By Patricia Zengerle and Jonathan Landay
WASHINGTON (Reuters) – Former U.S. President Barack Obama warned then-President-elect Donald Trump not to give the post of national security adviser in his administration to Michael Flynn who was eventually fired in a controversy about ties to Russia, a former Obama aide said.
Obama gave the warning in a one-hour Oval Office meeting with Trump two days after the Republican's surprise Nov. 8 election win. The warning, first reported by NBC News, came up during a discussion of White House personnel.
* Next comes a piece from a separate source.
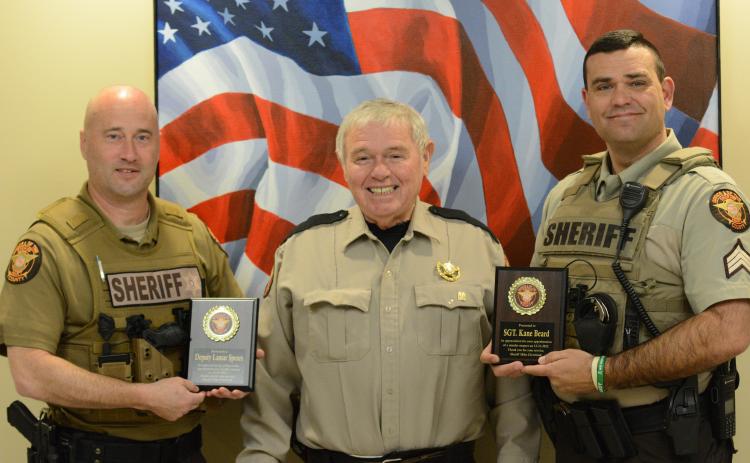 Hart County deputy Lamar Spears (left) and Sgt. Kane Beard (right) are awarded plaques from sheriff Mike Cleveland for their roles in the arrest of Andrew Nicholas Berry, who is accused of killing his girlfriend on Dec. 31.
White House spokesman Sean Spicer, responding to the reports, told a news briefing: "It's true that the president, President Obama, made it known that he wasn't exactly a fan of General Flynn's, which frankly shouldn't come as a surprise to anyone, given that General Flynn had worked for President Obama, was an outspoken critic of President Obama's shortcomings, specifically as it related to his lack of strategy confronting ISIS and other threats."
An Obama spokesman initially declined to comment.
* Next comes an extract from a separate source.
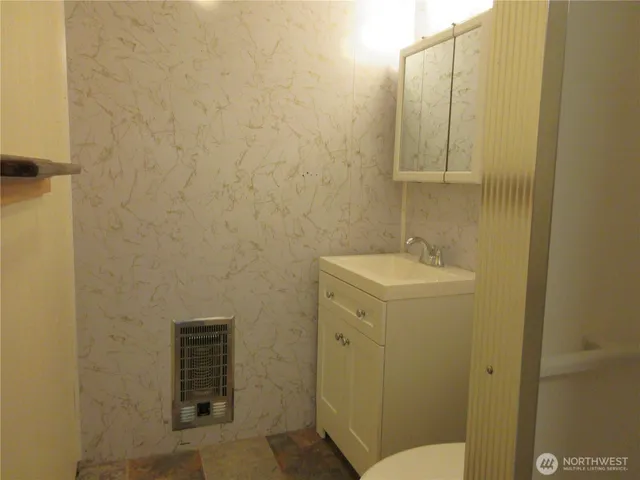 a view of an empty room with glass door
Flynn has emerged as a central figure in probes into allegations of Russian meddling in the 2016 U.S. election and possible collusion between Trump's campaign and Moscow. Russia has repeatedly denied any such meddling.
He had been pushed out by Obama in 2014 from his job as director of the Defense Intelligence Agency, or DIA, during the Democratic president's term in office. Trump dismissed Flynn after less than a month as his national security adviser.
A former U.S. deputy attorney general, Sally Yates, was appearing at a hearing of a Senate Judiciary subcommittee on Monday. She was expected to tell the panel that she had warned the White House counsel after Trump took office that Flynn had not told the truth about conversations he had held with Russia's ambassador to Washington.
James Clapper, Obama's former Director of National Intelligence, was testifying to the panel before Yates.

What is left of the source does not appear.